**DATASET RECORDS**
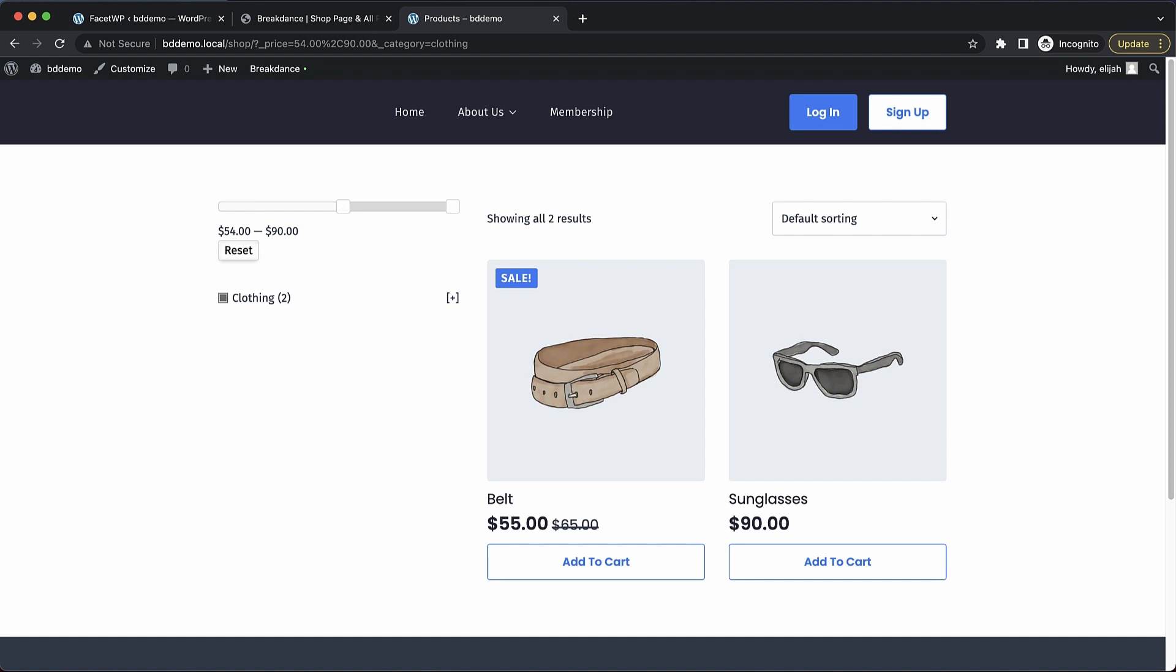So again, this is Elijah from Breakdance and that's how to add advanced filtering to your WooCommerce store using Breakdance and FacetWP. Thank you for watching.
...
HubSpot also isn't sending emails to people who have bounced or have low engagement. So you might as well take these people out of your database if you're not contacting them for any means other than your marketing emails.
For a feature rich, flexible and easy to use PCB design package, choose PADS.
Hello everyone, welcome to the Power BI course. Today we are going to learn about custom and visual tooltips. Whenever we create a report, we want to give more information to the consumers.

**YOUR GOAL**
Would you copy, unchanged, the stretch of the records above that begins at the line containing "For a feature" and ends at the line containing "Hello everyone, welcome", and only that?

**ANSWER TO THIS PROBLEM**
For a feature rich, flexible and easy to use PCB design package, choose PADS.
Hello everyone, welcome to the Power BI course. Today we are going to learn about custom and visual tooltips. Whenever we create a report, we want to give more information to the consumers.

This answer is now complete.